Vietnam Airlines is one carrier that is doing relatively well, giving it a solid base on which to boost its fleet and route network. In January, it launched services to Moscow and is planning to expand to more Asian destinations this year, following healthy 2001 growth.

Apart from Moscow, the carrier is aiming to augment its fast-growing China service by launching service to Shanghai this year. Prior to 2001, the carrier's only Chinese destinations were Hong Kong and Guangzhou. It now also serves Beijing and Kunming.

Vietnam Airlines is also moving forward with plans to launch services to Tokyo in Japan this year, as well as to open a direct link between Hanoi and Paris. In addition, it intends to boost services to Bangkok and on routes linking both Ho Chi Minh City and Hanoi with Vientiane in Laos and Phnom Penh in Cambodia.

The route expansion plans were unveiled early in January, as the airline reported strong 2001 growth. It said revenue increased 19% to 9.9 trillion dong ($656 million) during the year, while funds remitted back to the state amounted to 532 billion dong, 37% more than originally targeted.

Late last year, Vietnam Airlines signed an order for four Boeing 777-200ERs and signed a letter of intent for five Airbus A320-family aircraft. It aims to double its fleet by the end of the decade.

Business has fallen since the US terrorist attacks, but the carrier is insulated somewhat by the fact that it operates primarily within Asia, where business has held up fairly well.

Philippine Airlines

Philippine Airlines (PAL) - the only major South-East Asian carrier not controlled by its government - is having a difficult time following 11 September. Late in 2001, president and chief operating officer Avelino Zapanta said that he was still confident of a profit for the year ending 31 March, which would be PAL's third profit in as many years. Now, however, Zapanta concedes that is unlikely.

In mid-January, PAL scrapped wet-lease arrangements on three Boeing 747-200s and dismissed around 150 recently hired cabin crew.

The carrier has been suffering not only from the general drop in international travel following the terrorist attacks in the USA, but also from fears over travel to the Philippines, partly because of kidnapping incidents involving foreign nationals. "Things are not very good for us," Zapanta says. "We really hope that things will improve."

PAL has been in receivership since mid-1998, but was hoping to be out of it by the end of this year, although that is dependent on it having a third year of profitability.

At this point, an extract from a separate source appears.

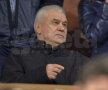 Anghel Iordănescu se află în tribune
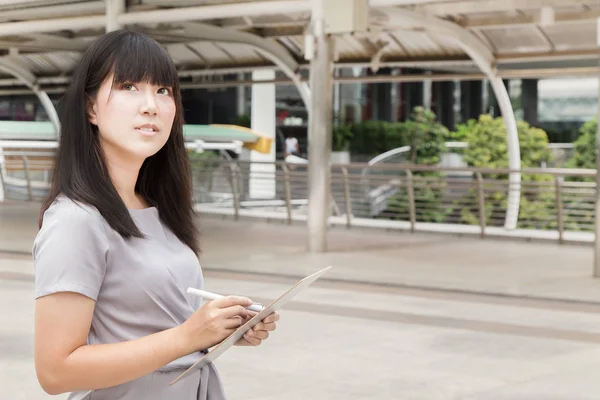 Joven Asiático Belleza Mujer Casual Desgaste Vestido Trabajo Día Aire —  Fotos de Stock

"I don't think we're going to make that anymore," Zapanta conceded at the end of December. "It all depends on what happens after the holidays. But the last three months have been money-losing operations for us."

Not all of the news looking forward has been bad. As the year 2002 began, some of the region's airlines, as well as industry analysts, reported that holiday traffic was stronger than had been forecast. Some even went so far as to suggest that an up-turn was in the wings. Most, however, continue to warn that the period ahead will remain turbulent and cautioned that not until the second half will conditions genuinely improve. The slight traffic recovery has also come at some cost, as heavy ticket discounting is biting into already depressed yields.

As SIA's deputy chairman and chief executive Cheong Choong Kong said in the carrier's in-house newsletter in January: "Convincing signs of recovery have yet to emerge."

Cheong also summed up his New Year message to staff with a statement that many will be echoing: "May [2002] be a far better year then the one just ended."